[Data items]
☆ ☆ ☆ ☆
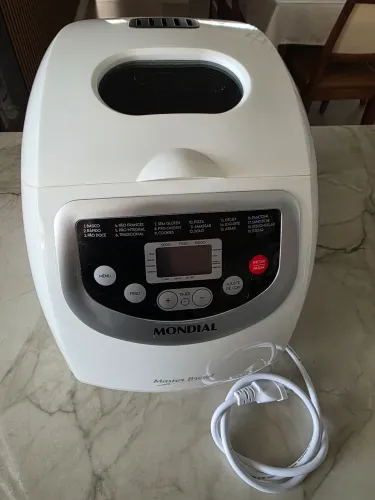 Máquina de pão Mondial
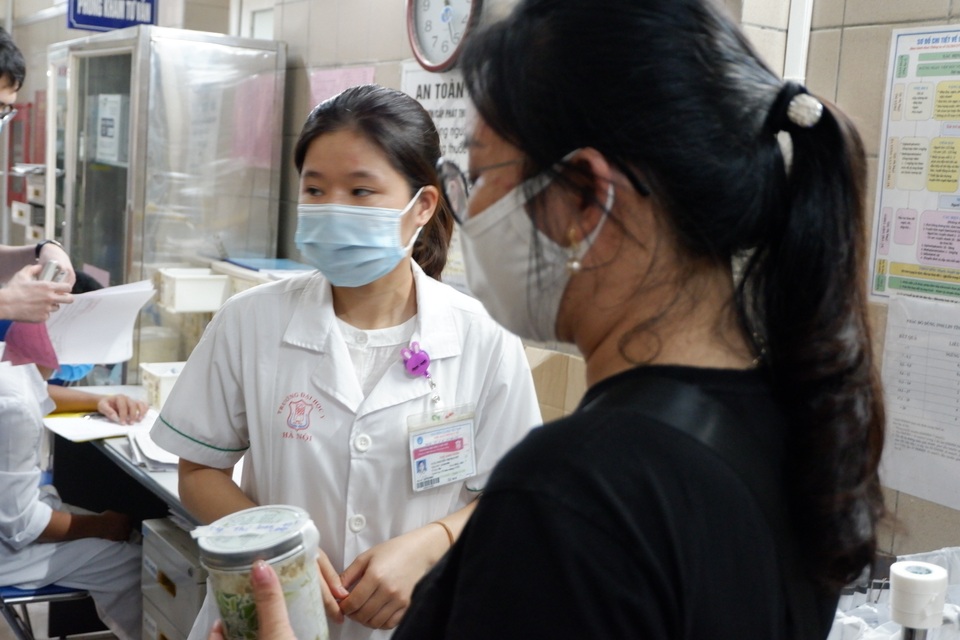 Vụ pate Minh Chay: Khẩn cấp nhập thuốc hiếm 8.000 USD giải độc bệnh nhân - 5 Vụ pate Minh Chay: Khẩn cấp nhập thuốc hiếm 8.000 USD giải độc bệnh nhân - 5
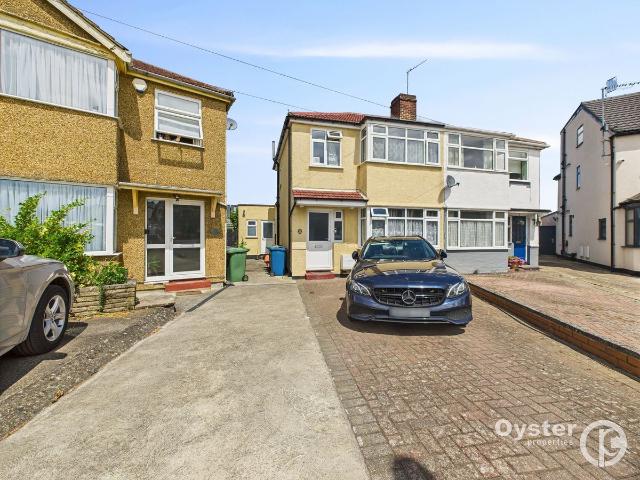 House for rent in Queensbury, Greater London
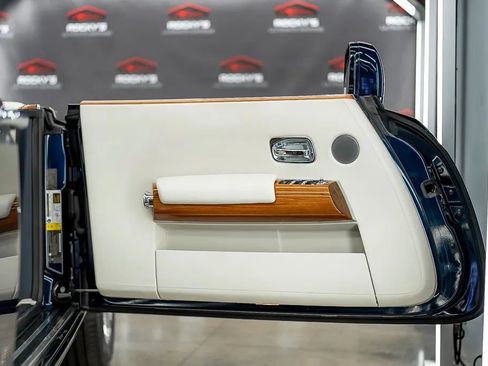 Used 2010 Rolls-Royce Phantom Drophead Coupe RWD image 20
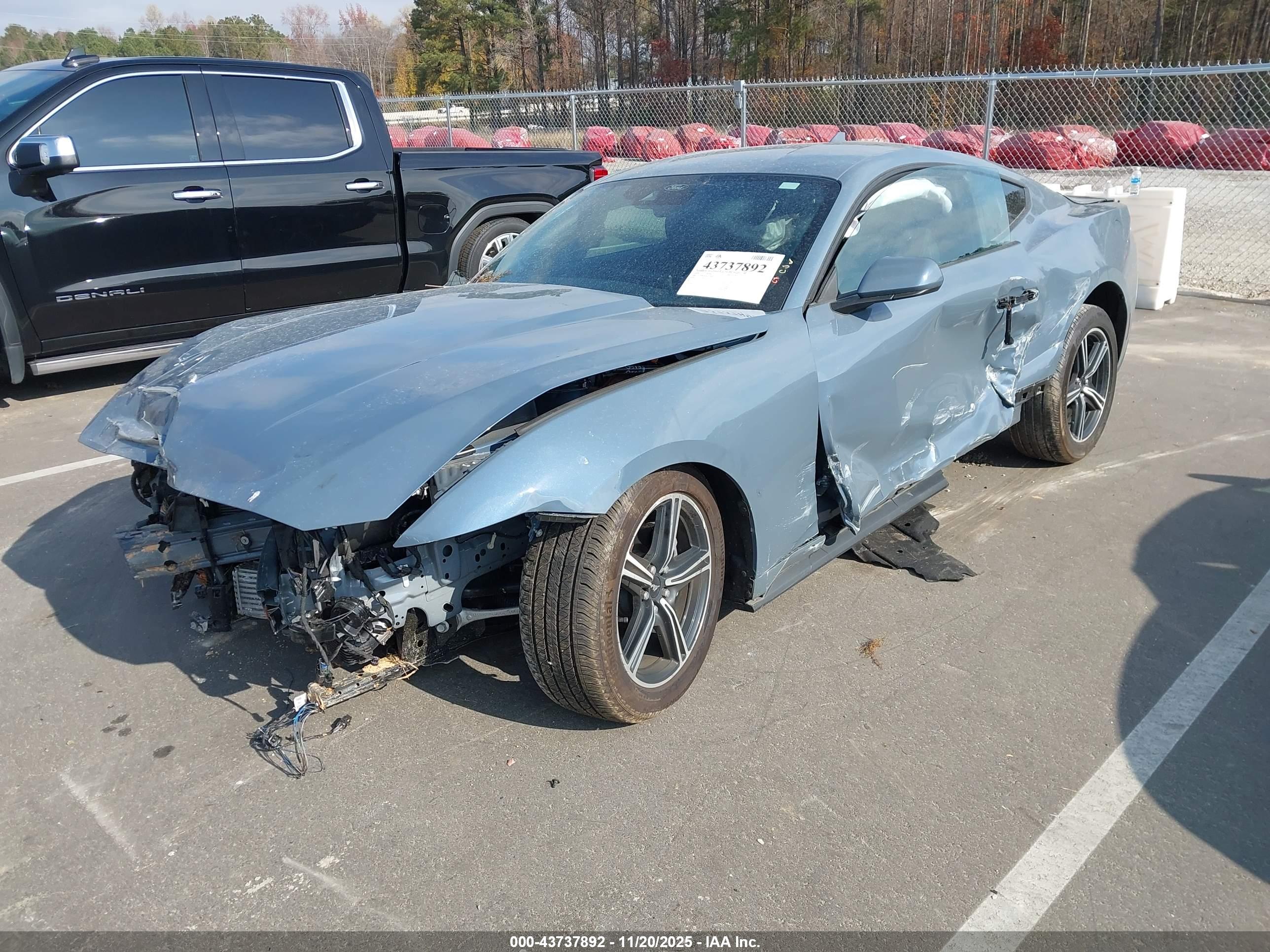 FORD MUSTANG image 2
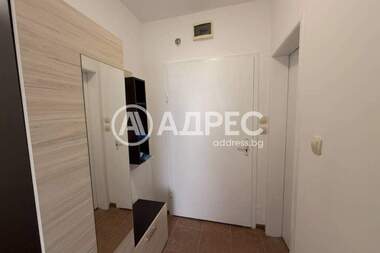Închiriere - Apartament în Suhata reka,  Sofia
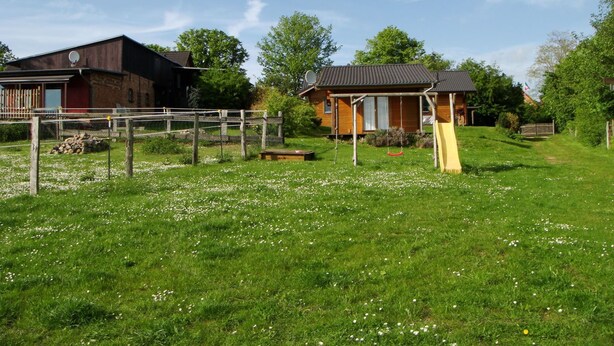 Property grounds - Cosy Holiday Home in Tessin With Terrace (Tessin)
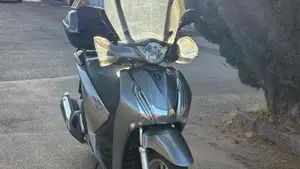 Honda SH 150i ABS (2013 - 16)  (2)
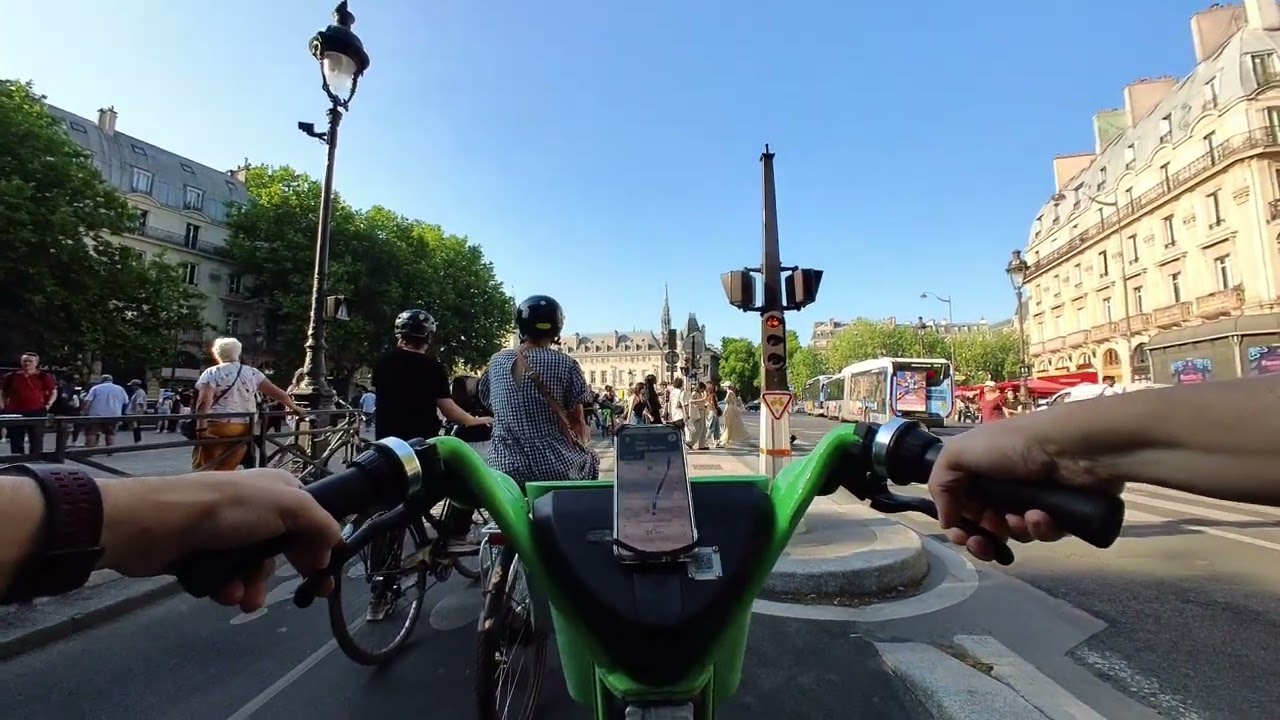 Cycling through the heart of Paris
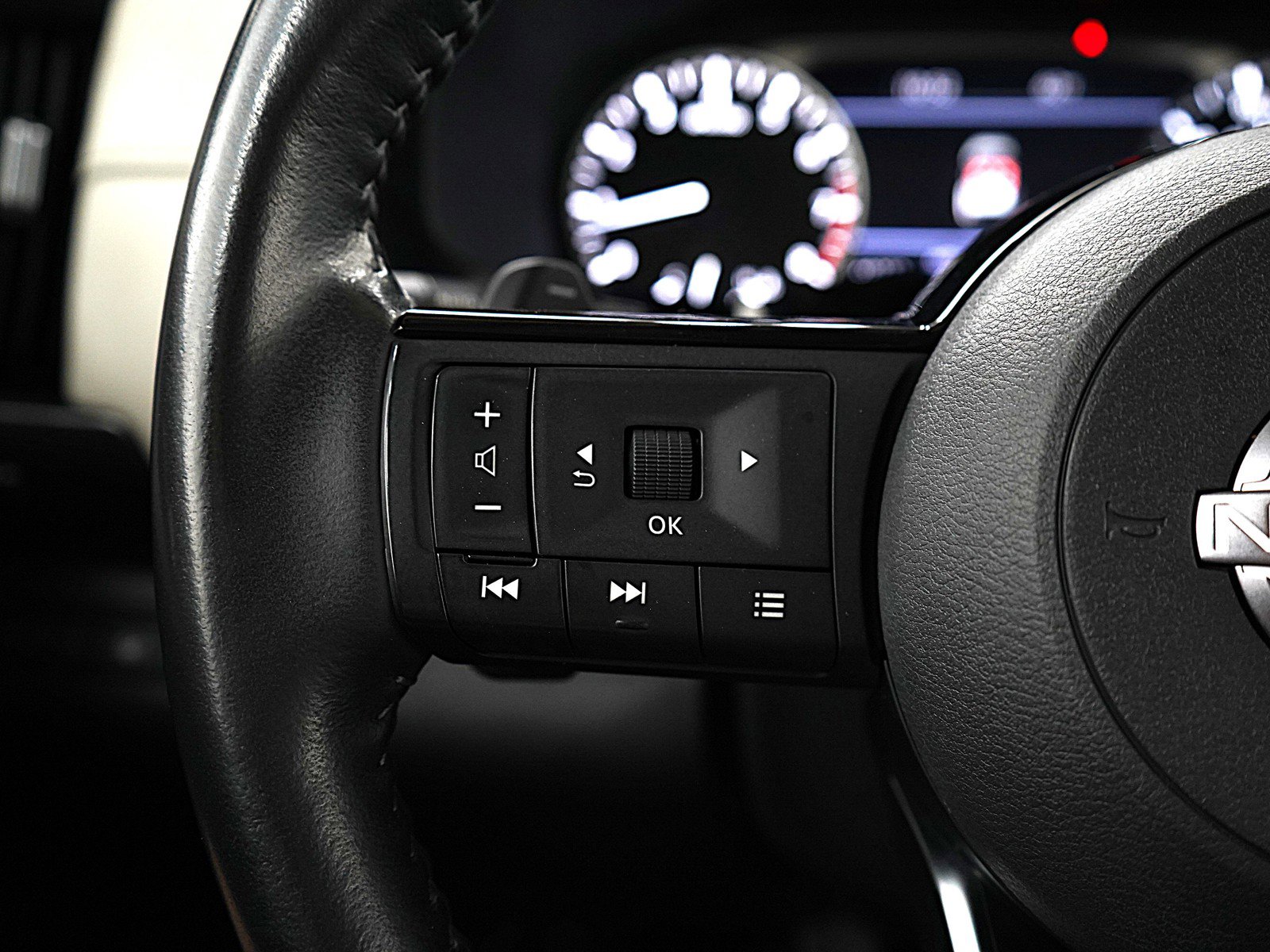 2022 Nissan Pathfinder SL photo 26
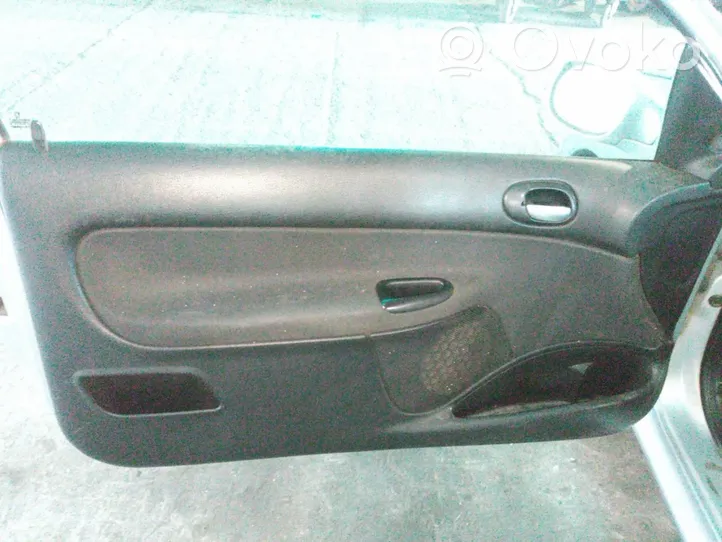 Peugeot 206+ Rivestimento del pannello della portiera anteriore 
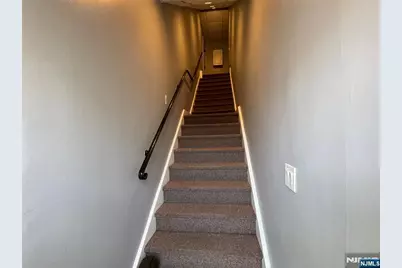 196 Rock Road 2A #2A, Glen Rock, NJ 07452 - Photo 3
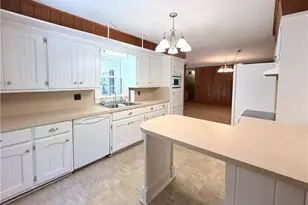 176 W Robin Rd, Elkin, NC 28621 - Photo 1
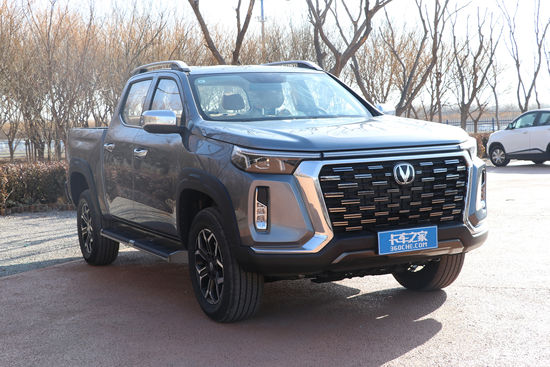 ���� ������ 2023�� ��Ӣ�� 2.0L���� 165���� �Զ����� ����˫��Ƥ��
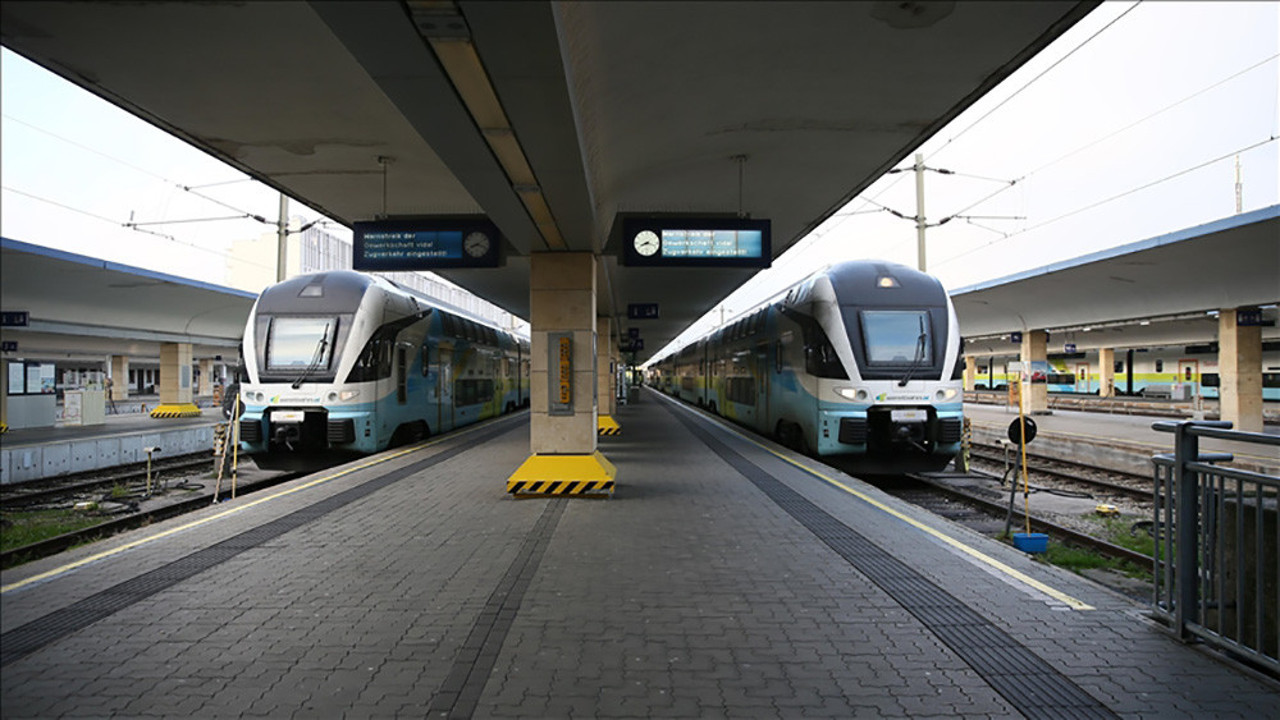 Avusturya’da demir yolu işçileri greve gitti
☆ ☆ ☆ ☆
• [TASK]
Give the data above again exactly. Leave the pictures out.

• [YOUR RESPONSE]
 Máquina de pão Mondial
 Vụ pate Minh Chay: Khẩn cấp nhập thuốc hiếm 8.000 USD giải độc bệnh nhân - 5 Vụ pate Minh Chay: Khẩn cấp nhập thuốc hiếm 8.000 USD giải độc bệnh nhân - 5
 House for rent in Queensbury, Greater London
 Used 2010 Rolls-Royce Phantom Drophead Coupe RWD image 20
 FORD MUSTANG image 2
Închiriere - Apartament în Suhata reka,  Sofia
 Property grounds - Cosy Holiday Home in Tessin With Terrace (Tessin)
 Honda SH 150i ABS (2013 - 16)  (2)
 Cycling through the heart of Paris
 2022 Nissan Pathfinder SL photo 26
 Peugeot 206+ Rivestimento del pannello della portiera anteriore 
 196 Rock Road 2A #2A, Glen Rock, NJ 07452 - Photo 3
 176 W Robin Rd, Elkin, NC 28621 - Photo 1
 ���� ������ 2023�� ��Ӣ�� 2.0L���� 165���� �Զ����� ����˫��Ƥ��
 Avusturya’da demir yolu işçileri greve gitti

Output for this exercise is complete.